Wheat prices and cash flows; what should you look out for: Grain Market Daily

Friday, 19 June 2020

Market commentary

  • Nov-20 London feed wheat futures closed at £164.50/t, closing £0.30/t lower. In overnight trading CBOT wheat futures are lingering near 8-month lows, hit yesterday as the pressure of looming global harvests grows. Sept-20 CBOT wheat traded as low as $4.85 per bushel ($178/t / £143/t).
  • Egypt’s state buyer GASC purchased 240kt of wheat from Black Sea origins yesterday. Suggestions that Russia’s crop could reach over 80Mt will pressure global markets amid aggressive sales into N. Africa.
  • Tunisia purchased two 25kt barley cargoes for shipment Aug 25th-Sept 25th. Prices were $196.3/t CIF, equating to £157.50/t. Taking into account freight and costs, this would mean UK FOB prices for a 25kt vessel would need to be circa £139.50/t. Our FOB survey on Tuesday reported 4kt FOB at £135.50, so the UK is a viable option for this tender given our weakness against the US dollar in which global markets trade.
  • French crop ratings stable on the week, with 83% of maize in good-excellent condition. Favourable EU maize conditions will pressure feed markets come harvest in late summer

Wheat prices and cash flows; what should you look out for

Here’s what we know so far for the 2020/21 growing season

  1. The UK wheat crop will be significantly lower in 2020 leading to larger imports.
  2. Cash flows will be impacted well into 2021.
  3. Global stocks outside of China are forecast to rise.

Let’s start with a global point of view. For 2020/21, USDA data suggests that the global grains stocks-to-use ratio excluding China (maize, wheat, barley, sorghum, oats) will be 18.81%. The last time the ratio reached this level in 2016/17 ICE feed wheat futures traded closer to £120/t.

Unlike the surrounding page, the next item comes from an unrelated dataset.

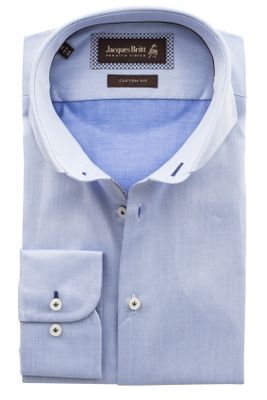 Laatste items Jacques Britt custom fit overhemd lichtblauw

So we could assume that UK wheat prices are going to come under pressure. However, pricing at import parity and weak sterling against the euro and US dollar is protecting UK values.

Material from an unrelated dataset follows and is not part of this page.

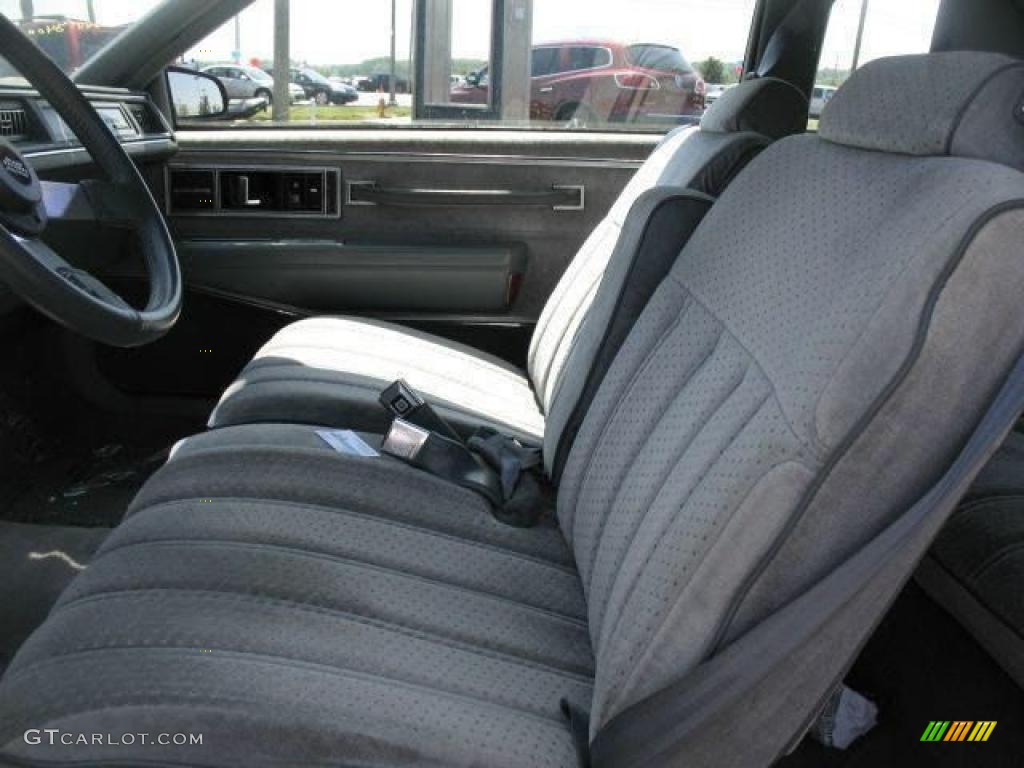 1986 LeSabre Grand National Coupe - Black / Gray photo #11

Despite prices being supported by weak sterling, we’re still likely to see tight cash flows from the smaller harvest.

In order to smooth the peaks and troughs of cash-flow, we need to think longer-term and combine cash flows and budgets for the 2020/21 and 2021/22 seasons.

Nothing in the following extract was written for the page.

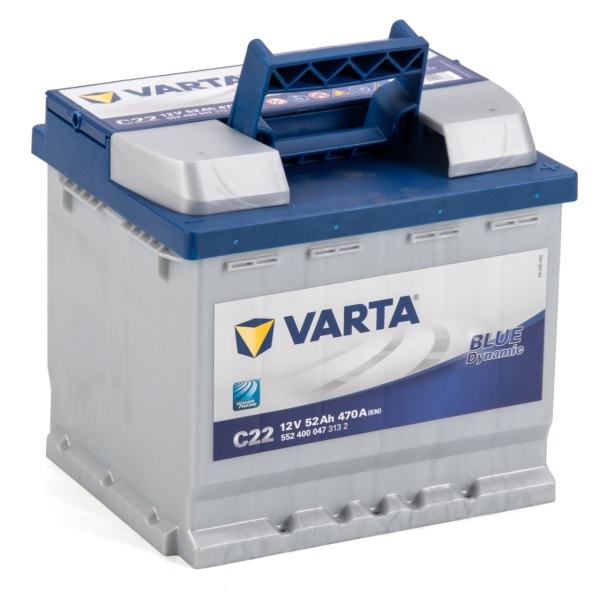 Baterie Varta Blue Dynamic C22 52Ah 470A 12V 5524000473132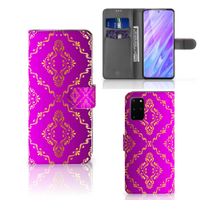 Wallet Case Samsung Galaxy S20 Plus Barok Roze - thumbnail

So what does the 2021/22 price look like?

Once harvest is over, and the UK deficit is known, there’ll be a rush to plant every possible acre with wheat in the UK (assuming weather allows this time!). So despite 2020/21 being a tight crop year, sentiment will soon shift to the longer-term view of markets.

Looking against the 3-year average, November 2021 prices in the early months of its life have been tracking the average closely.

Resurgent plantings in late summer could push the Nov-21 prices to large discounts to Nov-20 as Helen went into in more detail last week.

So if we’re heading into 18 months of variable cash flows, there are three key risks to look out for:

  1. Sterling strengthens against the US dollar, reducing import parity prices and barley export competitiveness.
  2. Larger world stocks outside of China adds negative sentiment to market.
  3. Rebound of production in 2021 and Nov-21 futures move below 3-year average.

Have you factored these risks into your marketing plan, cash flow and business plan for the next 2 seasons?